Bern. Der Schweizer Soziologe Ganga Jey Aratnam kritisiert die Migrationsdebatte in seiner Heimat. Die Schweizer seien Meister darin, nebeneinander zu leben und würden ein Land der Vielfalt zelebrieren, sagte Aratman der "Zeit".
"Aber nahe zusammenleben will man lieber nicht." Doch das funktioniere immer weniger. "Mit den Menschen, die neu in die Schweiz ziehen, sind die Einheimischen plötzlich dazu gezwungen. Sie bewerben sich um dieselben Wohnungen, sind zusammen im Tram unterwegs, und in den Klassenzimmern sitzen plötzlich viele Kinder mit Migrationshintergrund. 58 Prozent der Null- bis Sechsjährigen haben einen Elternteil, der im Ausland geboren wurde."
Aratnam fordert eine ehrliche Diskussion über die Herausforderung, die der hohe Ausländeranteil mit sich bringe. Gerade "linke Kreise" täten sich damit schwer. "Statt Probleme anzusprechen, sind viele befangen oder neigen zu Schönfärberei."
Die einheimische Bevölkerung befinde sich zunehmend in einer Sandwichposition: "Die oberste Schicht, die Führungsgremien in den großen Konzernen, ist von ausländischen Personen geprägt. In den börsennotierten Firmen sind 75 Prozent der Geschäftsleitungsmitglieder ausländisch." Die sehr hohe Akademisierungsquote der Ausländer führe dazu, dass Schweizer, die ihre Ausbildung mit einer Berufslehre begonnen haben, zu Unrecht einen schweren Stand hätten. Konkret fordert er eine Bildungsoffensive für die Migranten aus Portugal, die häufig keinen nachobligatorischen Schulabschluss hätten.
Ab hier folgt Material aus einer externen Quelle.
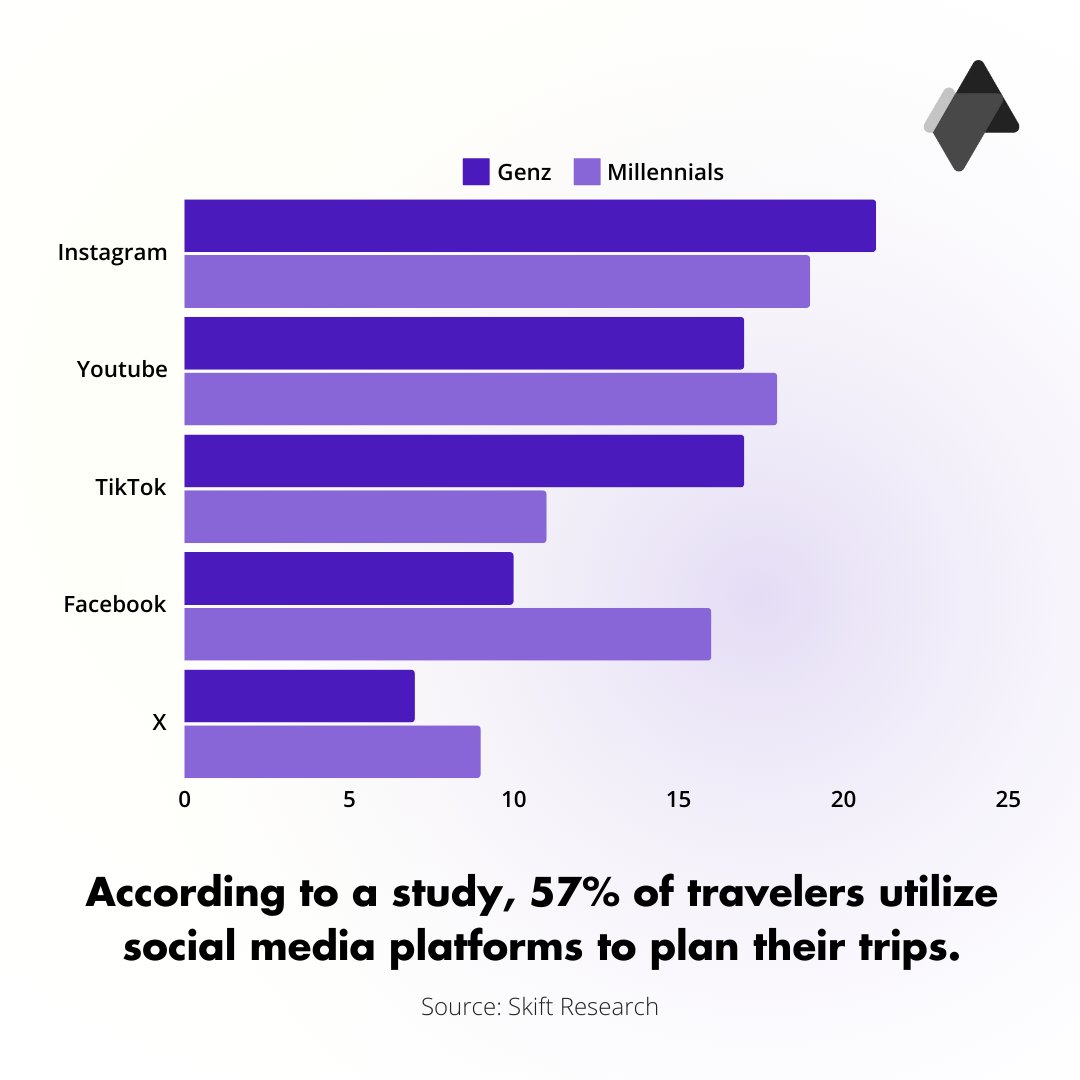#Millennials and #GenZ are reshaping the travel scene! 🌍✈️ 
Key takeaways:
▪️OTAs are still influential, especially for Gen Z. Optimize your presence!
▪️Embrace spontaneity with last-minute bookings and flexible plans.  #traveltrends
 Source: <a href="/skift/">Skift</a>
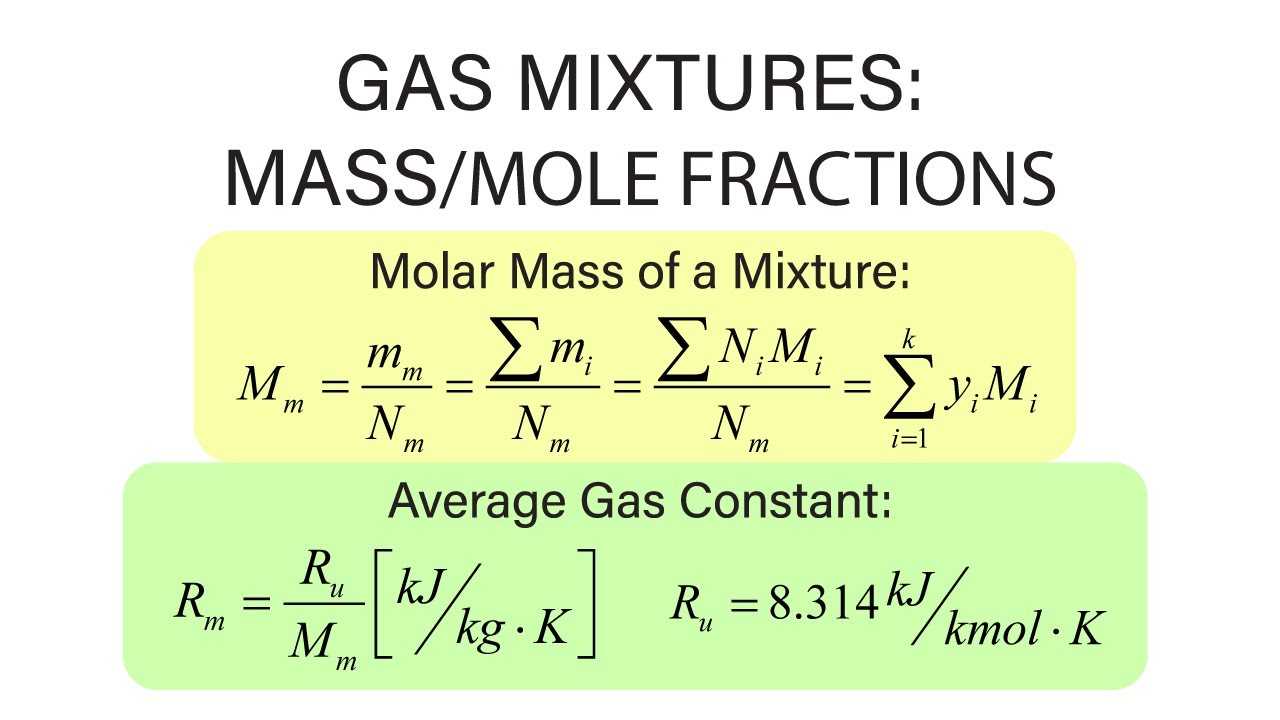 Mechanical Engineering Thermodynamics - Lec 26, pt 1 of 3:  Gas Mixtures - Mass / Mole Fractions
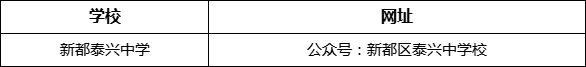 成都市新都泰興中學(xué)網(wǎng)址是什么？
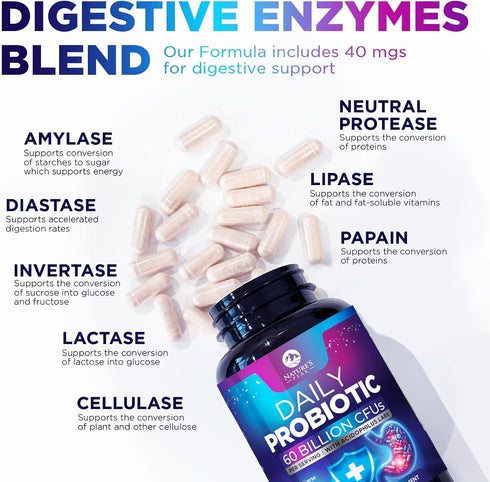 Daily Probiotics and Prebiotics 60 Billion CFU - 10 Strains + 4 Prebiotics, Supports Gut Health, Constipation, Gas & Bloating, Digestive Nutrition...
"Gleichzeitig nimmt der Anteil der außereuropäischen Bevölkerungsgruppen zu, etwa aus Afghanistan. Das bringt Herausforderungen mit sich, die wir nicht verschweigen sollten." Die verschiedenen Rechts- und Sozialnormen, die aufeinanderträfen, könnten Jugendliche in ein Dilemma führen. "In Afghanistan steht in Artikel 426 des Strafgesetzbuchs, dass man vor der Ehe keinen Sex haben darf. Wer sich nicht daran hält, muss mit drakonischen Strafen rechnen."
In der Schweiz hingegen seien Kinder bereits mit 16 sexuell und religiös mündig. "Darüber müssen wir doch reden." Mehr als 30 Prozent der Menschen, die in der Schweiz leben, wurden nicht dort geboren.
Damit hat das Land nach Luxemburg die höchste Migrationsvielfalt in ganz Europa.